Tuesday, March 15, 2011

There is something about early spring...

...that makes me crave calves. And no, I am not talking about veal. My craving is to touch their coat, to feel their coarse tongue suck my phantom-udder-thumb, to see their nose crinkle as they nurse ("sup" my mom always called it), and to hear them holler and run circles of excitement when they see me, milk bucket in hand -- plastic teat a-comin'!

Daily now, I drive by pastures filled with cows and calves. I smile. I remember...

I remember mothering calves.

Every farmer in a four county radius knew that the Block Girls were easy targets, were gullible, and could not say 'no' to beautiful big brown eyes (the calf's eyes, never the farmer's). We were city softies; and every year in the early spring, our farmhouse phone would ring..."Yep. Got this calf whose mother died. Froze to death...and the calf isn't taking to the bottle. She's going to die would be my bet -- just like her mom. But, do you want to have a go?"

Did we want to have a go?

The farmer always knew the answer before he asked the question -- Block Girls always wanted to have a go at it.

We rescued many of Mills County Iowa's orphan calves, rushing them home in our ambulance (white Ford Taurus station wagon), and we only lost one calf in all those years.
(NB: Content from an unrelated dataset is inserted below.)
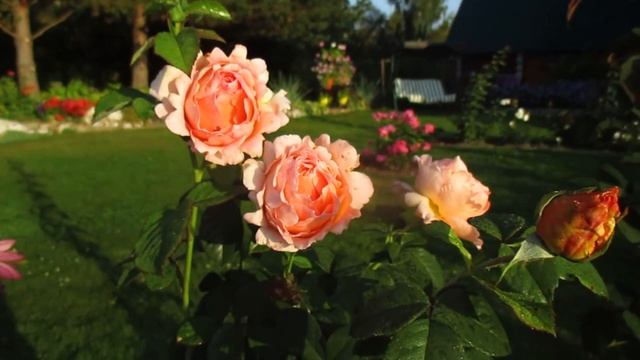 ✿➽ Роза Polka 2018 смотреть онлайн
I had named her Mabel, and she fit perfectly with me inside my great-grandfather's flannel lined sleeping bag he had used for the same purpose (sleeping in cold barns during calving season on his Minnesota Farm).

Mabel slept through the night in my arms on a bed of straw and as close to the hanging heat lamp as I could get us. I was sweating. But I knew she was cold. She nuzzled me and a few times I was able to get some drops of goat milk down her throat, donated from the does of our Saanen herd. I could hear their soft night-noises in the adjacent lean-to, nuzzling and nursing and bleating lullabies their kids...there is no sound more soothing...

All night I kept one hand on her, an assurance of breath...

...broken by daylight.

The ground was too frozen to bury her. But, I remember my dad work-ready in his business suit, pounding the hard winter ground with a pick-ax. The ground would warm, and by evening he would be able to finish the grave, he said. But, he didn't want us to have to look at the white calf's small stiff body. I tried to strongly stand by Papa's side as he dug, and by Mable's body as she lay dead. I tried to pretend it was ok if I looked out my bedroom window that day and saw her. "The ground is too frozen, Papa." But, he knew his girls...he saw the tears rivering my face over this animal I knew for less than 24 hours. He kept on digging -- felling dirt to the frost line, there was just enough depth to hold her from house eyes.

Papa laid the shovel against a nearby birch, and I laid a blanket over Mabel...she still looked cold.

Now, every spring, I get this insatiable hunger to hold a calf -- and when I look out into the fields, I hope that there are still gullible girls willing to try to save the orphans, willing to wake up, warm a bottle of goat milk, and go out to cold barns 4 times a night for feedings, and willing to cuddle those calves up into a warm flannel sleeping bag.

I hope that there are still little girls willing to have a go at it...


  1. Very nice. I love the broader scope your writing is taking. You have so many stories to tell...but you do not always have to be consumed by food (Oooo...passing on a great pun opportunity here!) Your life is so much richer than just the dinner you prepare yourself. Although, it looks like you have been eating like a queen! So, nice work...IPOY Agent Starling!

  2. I looked out the window on our trip out west a few weeks ago and had these very memories floating about my head. Those were indeed the years full of wonderment and growth for us all.


  3. when you moved to IA we missed so much of your life only seeing you occasionally. It is fun reading about formative years.

  4. I have those memories too.... why do the dang animals always die when the ground is frozen?

  5. Jay - Thanks! "Your life is so much richer than just the dinner you prepare yourself." -- I like this very much. And, I think that you should never pass the opportunity for a pun!

    Papa - Why? = Irony.

  6. Moved to tears once again. Got to stop reading you in public! Lovely story.

  7. How beautiful that Mabel was able to snuggle into your love until she could be with her mom again. All little girls who nurse weakened creatures know that there is certainly a heaven for them.

    There are still little girls like that. Instead of calves, my daughter always manages to end up with disabled dogs.

  8. Wow, I had to keep myself from crying on this one. I am a sucker for all things furry, finned, scaled, and feathered. I wasn't raised on a farm but I love to see all the new babies in the spring. Renewal at it's finest!